2009 Multi-Family Residential Award of Merit, McGraw Hill Construction
2008 California Construction, Residential Award of Merit
2008 San Francisco Business Times, Real Estate Deal of the Year San Francisco Chamber of Commerce
2007 Build San Francisco Award
At 641 feet tall, the building is the one of the tallest all-residential towers west of the Mississippi River. The South Tower (Phase I) has 390 units and the North Tower (Phase II) is composed of 319 units. To mark the last undeveloped hill in the city and to clearly punctuate San Francisco’s skyline, SCB’s design response placed the taller South Tower at the crest of the 100-foot-tall Rincon Hill. The lower North Tower is located on the hill’s downward slope. To preserve unit views and create visual interest, the towers were positioned diagonally opposite from each other. Stepping down the hill, townhomes connect and unify the two towers at their base and conceal the parking garage from street views.
In response to the Bay Area’s frequent seismic activity, numerous architectural and engineering design innovations were incorporated to achieve the towers’ desired height, slenderness, and to utilize a floor-to-ceiling glass exterior curtain wall.

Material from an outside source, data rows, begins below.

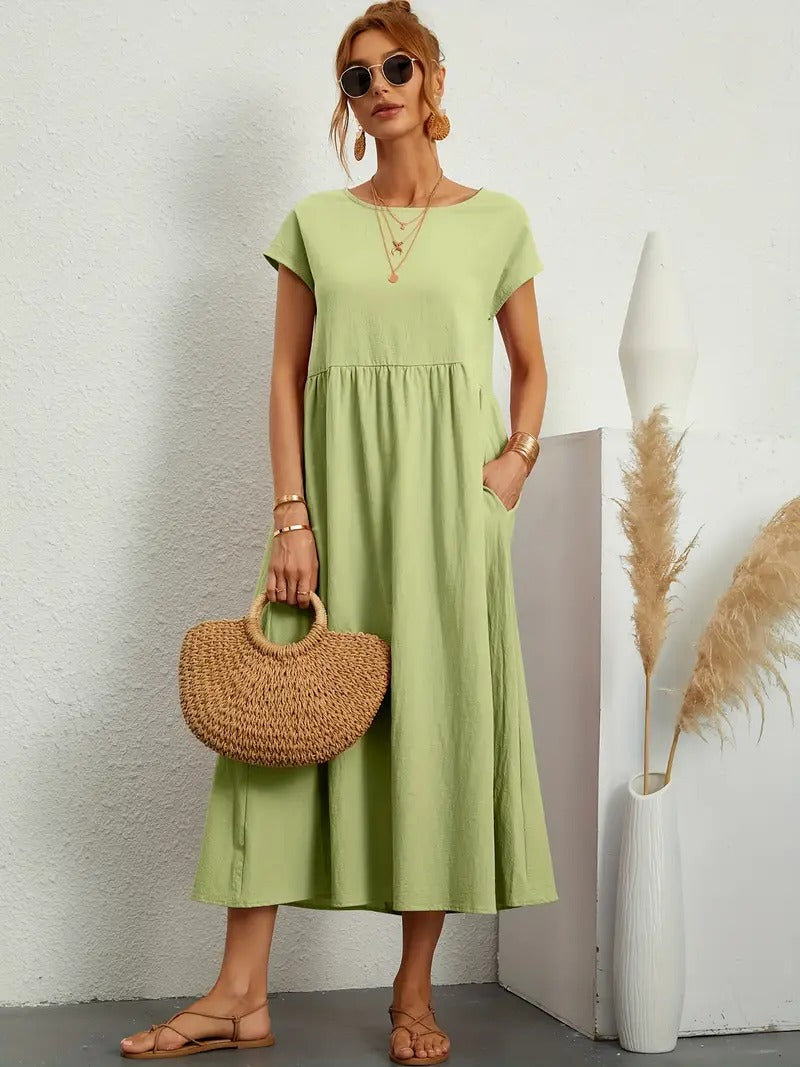 Frau in grünem Sommerkleid mit Strohtasche, Sonnenbrille und Sandalen. Steht vor weißer Wand mit Pampasgras in Vase. Elegante Sommermode.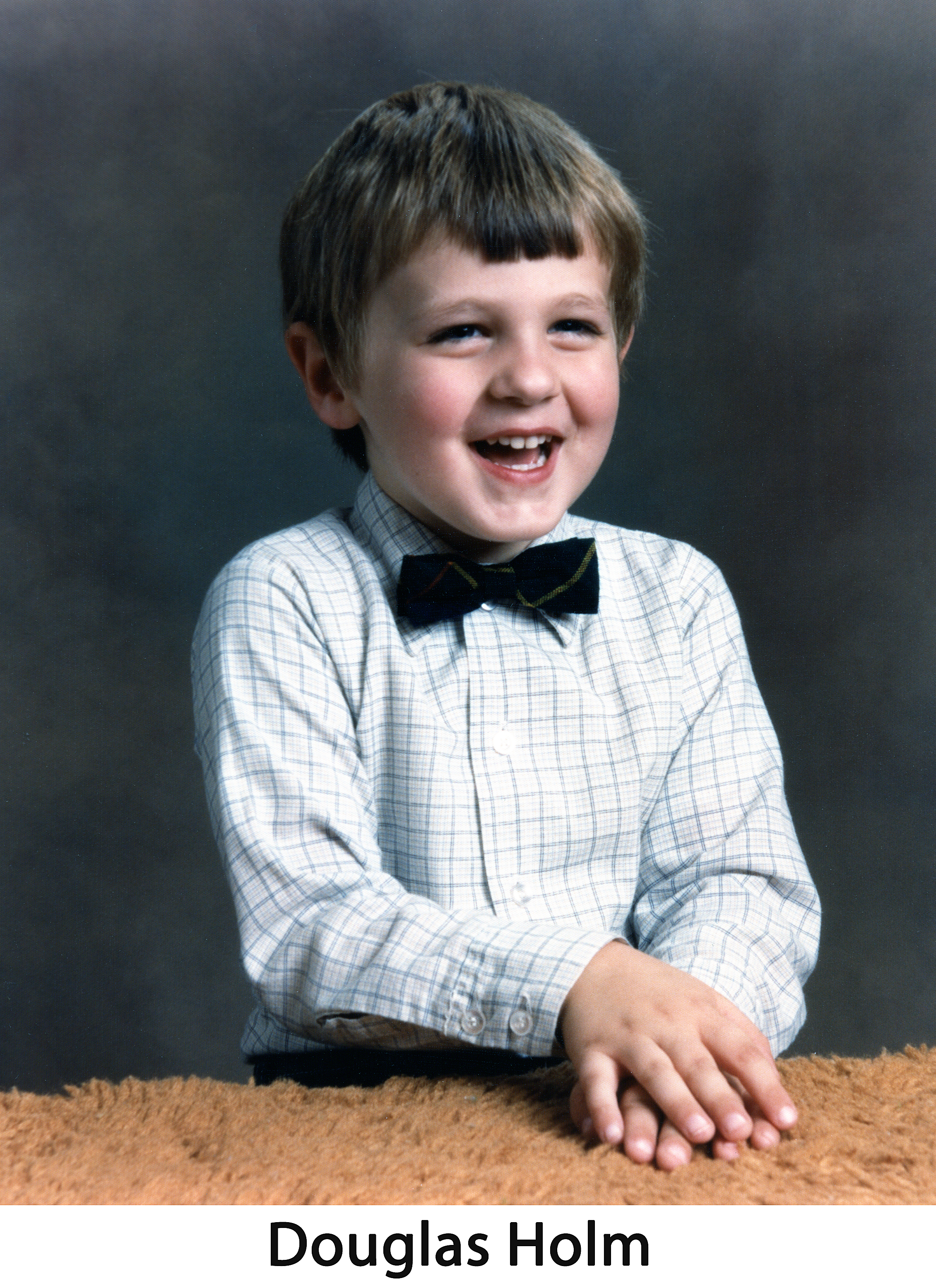 Douglas is laughing and wearing a bowtie in front of a dark background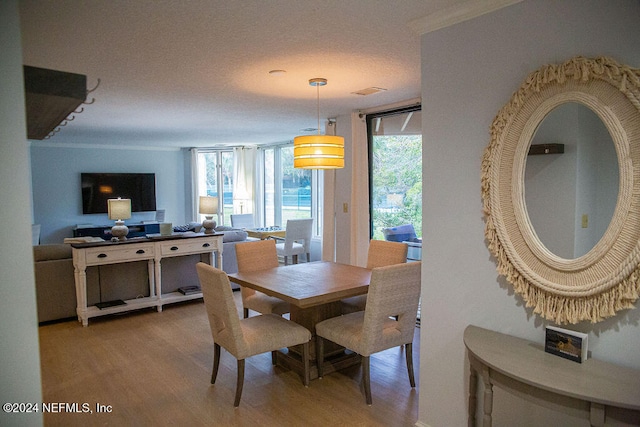 dining room featuring crown molding, a textured ceiling, and hardwood / wood-style flooring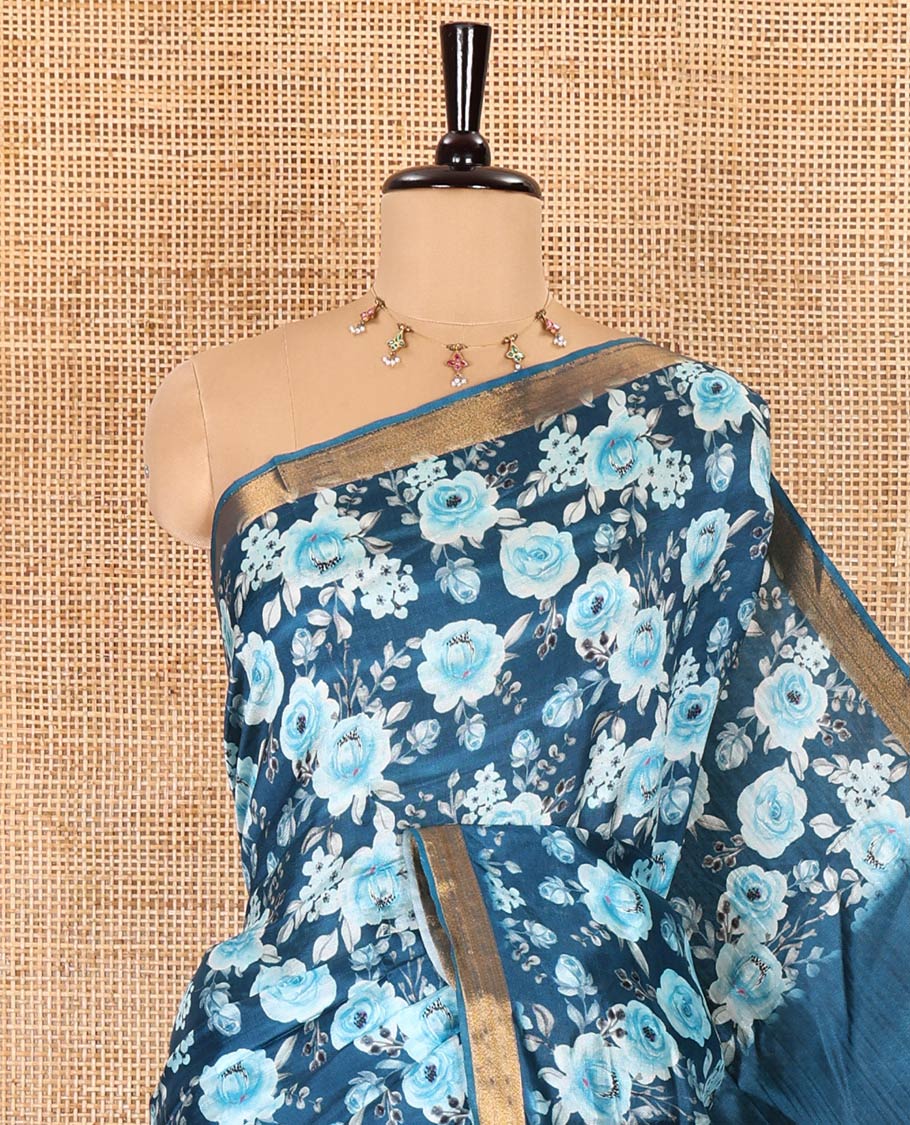 Blue floral motifs digital printed banana pith saree, zari piping border, striped pallu, and a matching floral printed blouse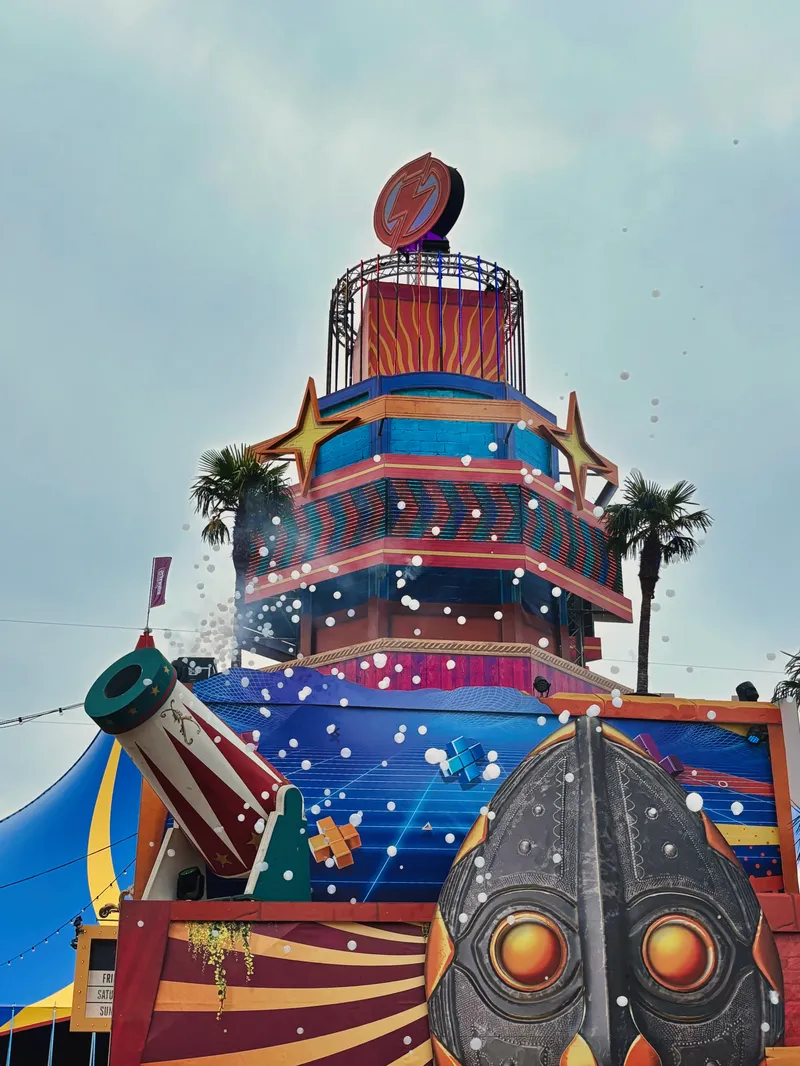 Bunte Festivalbühne mit künstlerischer Dekoration, großer Kanone und stilisiertem Maskengesicht, palmengesäumte Open-Air-Veranstaltung unter bewölktem Himmel, Intents Festival 2025
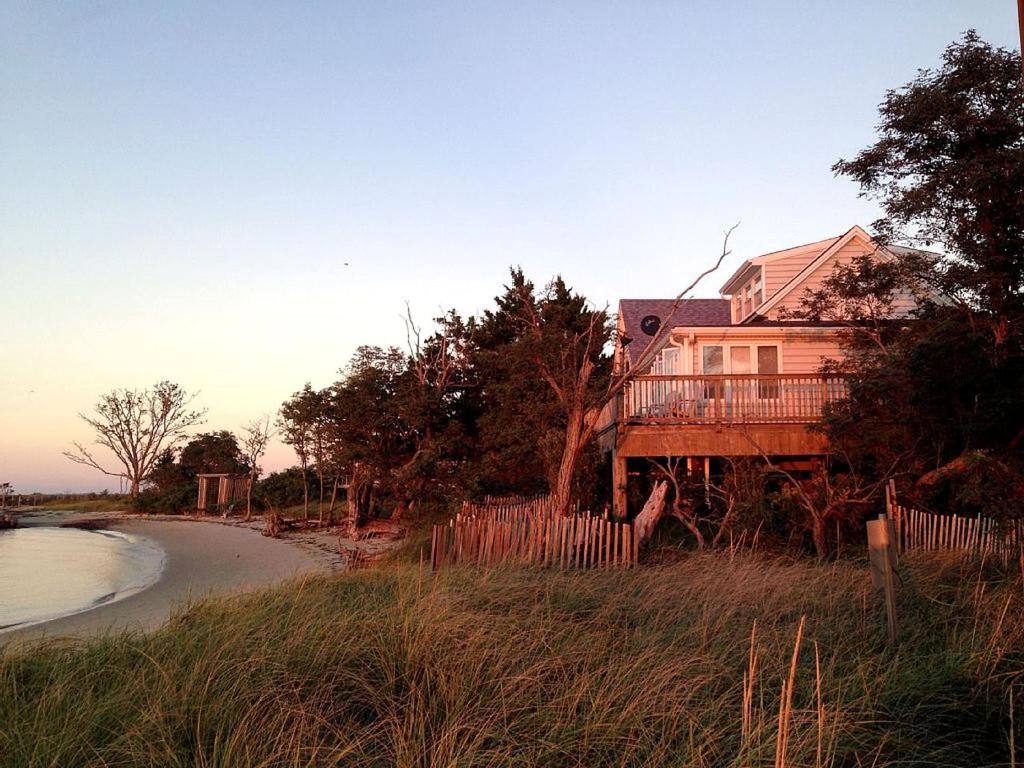 une maison au bord d'une plage avec une clôture dans l'établissement Bayfront Cottage Rental with a Private Beach on Virginia's Eastern Shore, à Onancock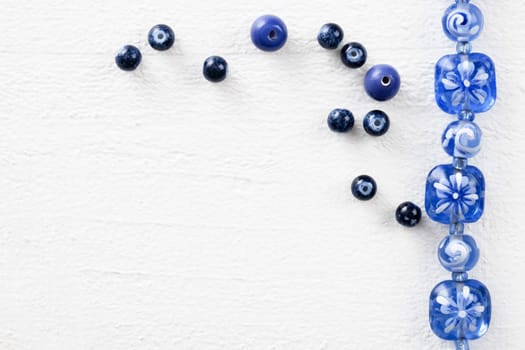 Blue and white glass beads,  on white painted wooden surface, top down view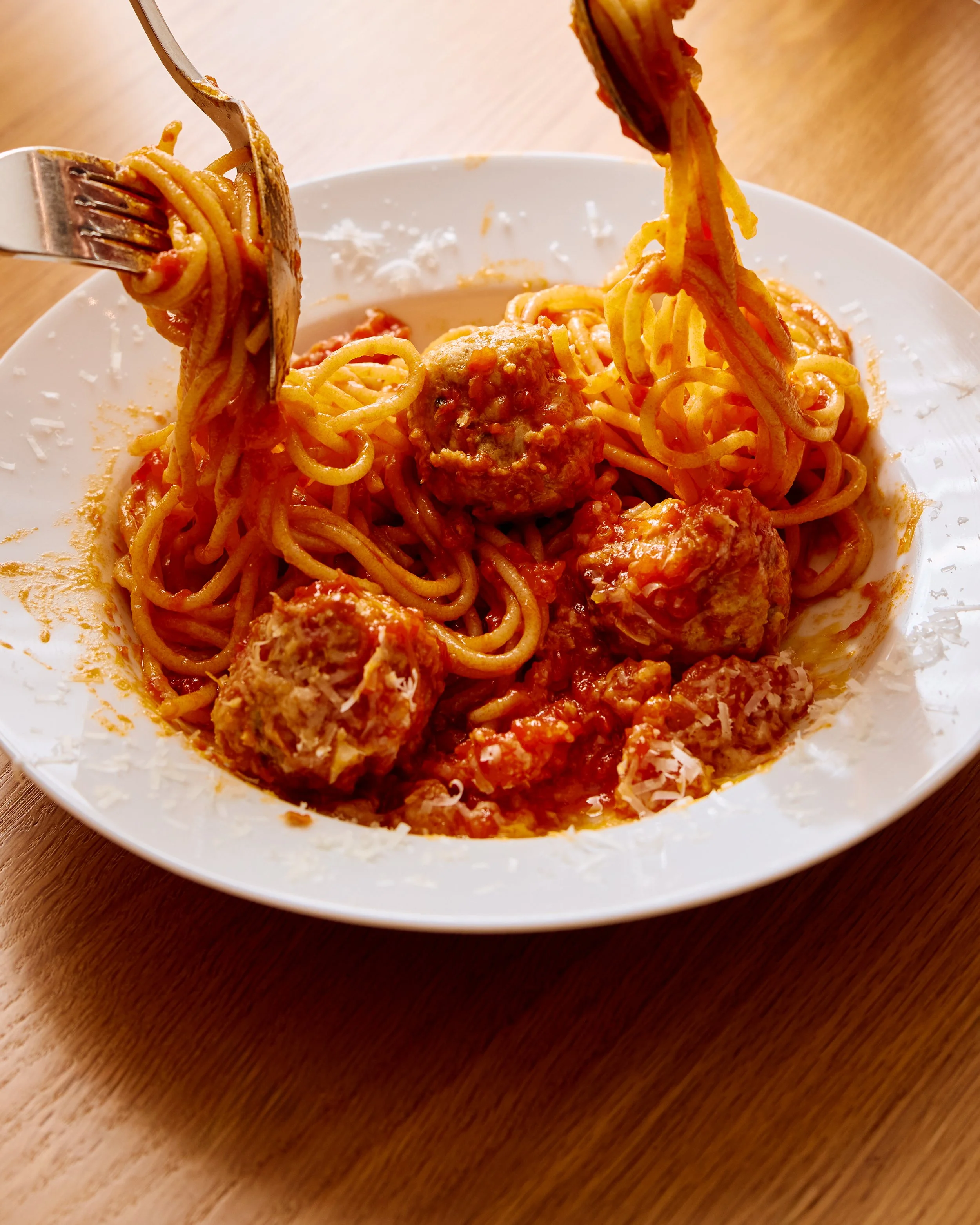 A bowl of spaghetti and meatballs with two forks twirling the pasta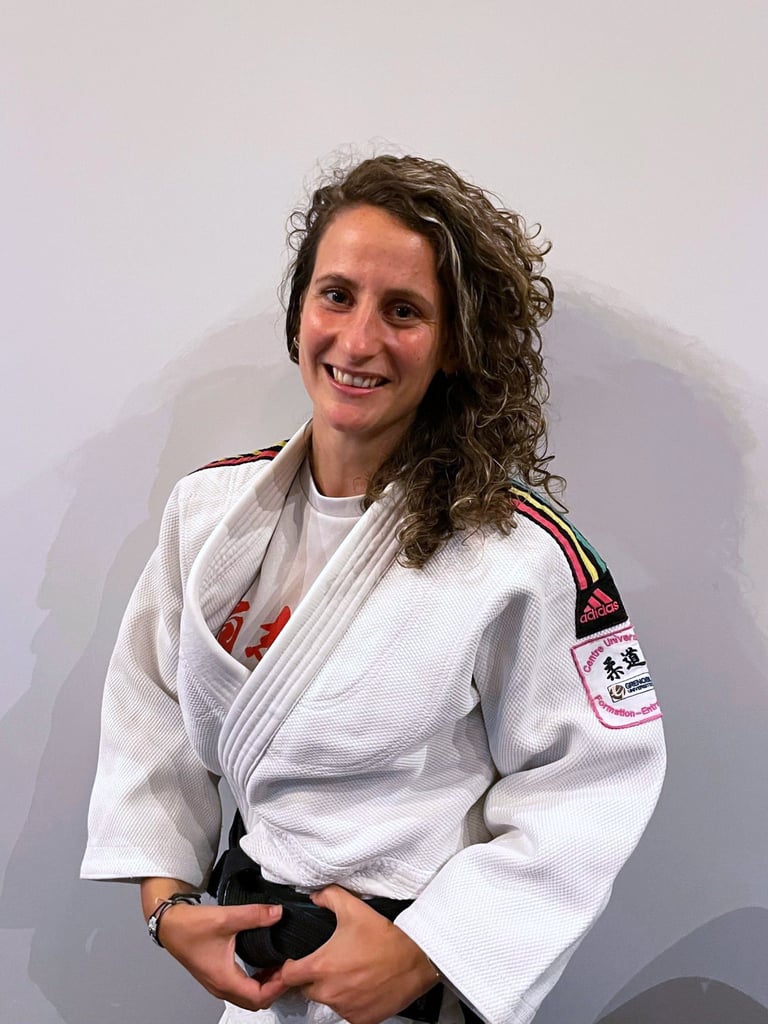 Une femme en kimono de Judo, portant une ceinture noire.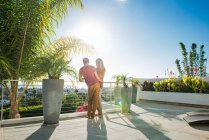 Couple looking at view from penthouse rooftop garden, La Jolla, California, USA — Stock Photo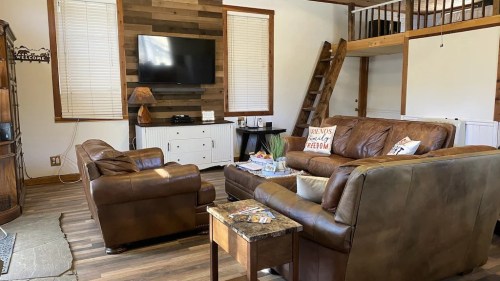 Cozy living room with leather sofas, a TV, wooden accents, and a lofted area, featuring warm, inviting decor.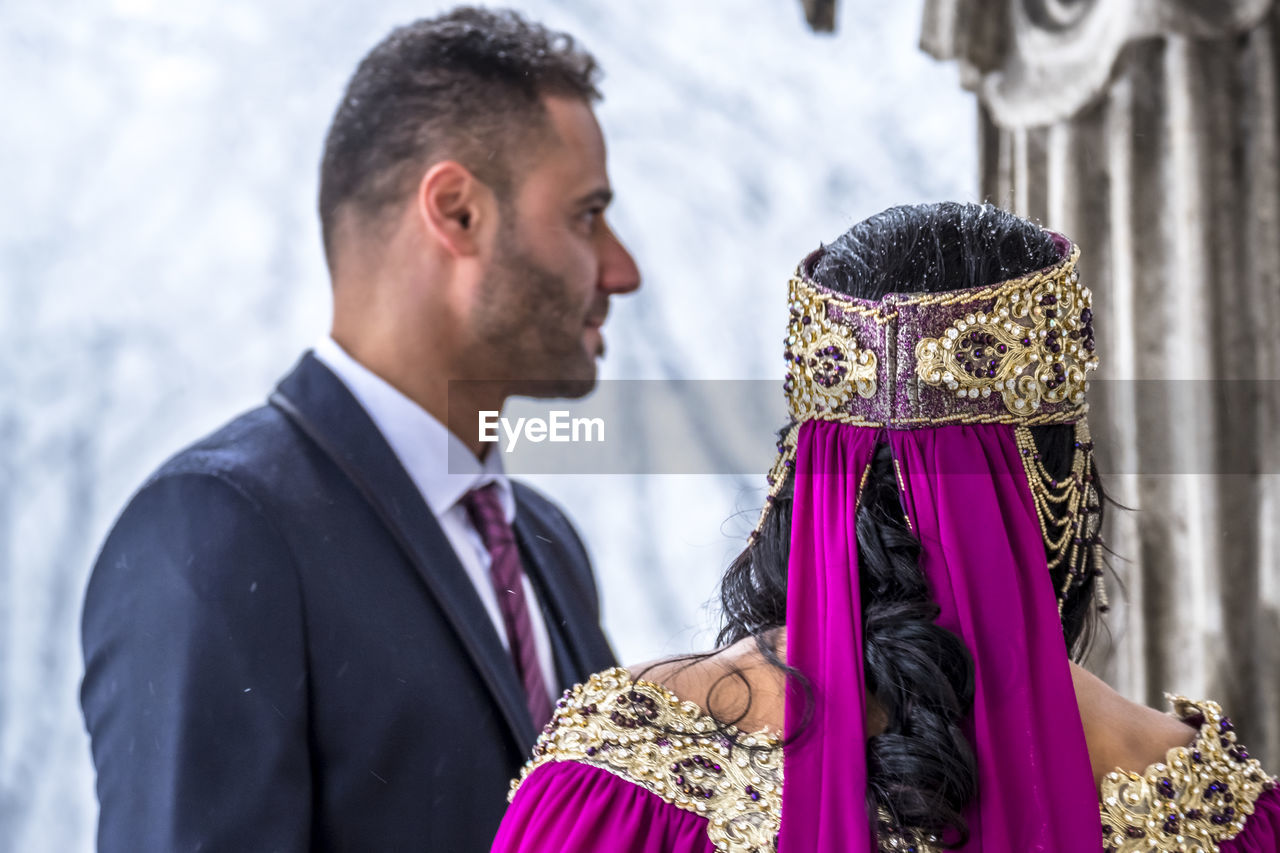 Rear view of bride with bridegroom during weeding ceremony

The SCB design team incorporated a performance-based seismic design methodology into the taller tower’s design; this meant including four tuned liquid mass sloshing dampers, which are essentially large water tanks. Located at the top of the tower, the dampers minimize building movement from the wind and are outfitted for 24/7 monitoring. In addition, both towers employ a concrete shear core combined with four concrete outrigger columns. These are linked by four-story-high buckling restraint braces at two points within the towers. This system eliminated the need for upturned beams at the perimeter wall, enabling the use of a floor-to-ceiling curtain wall system.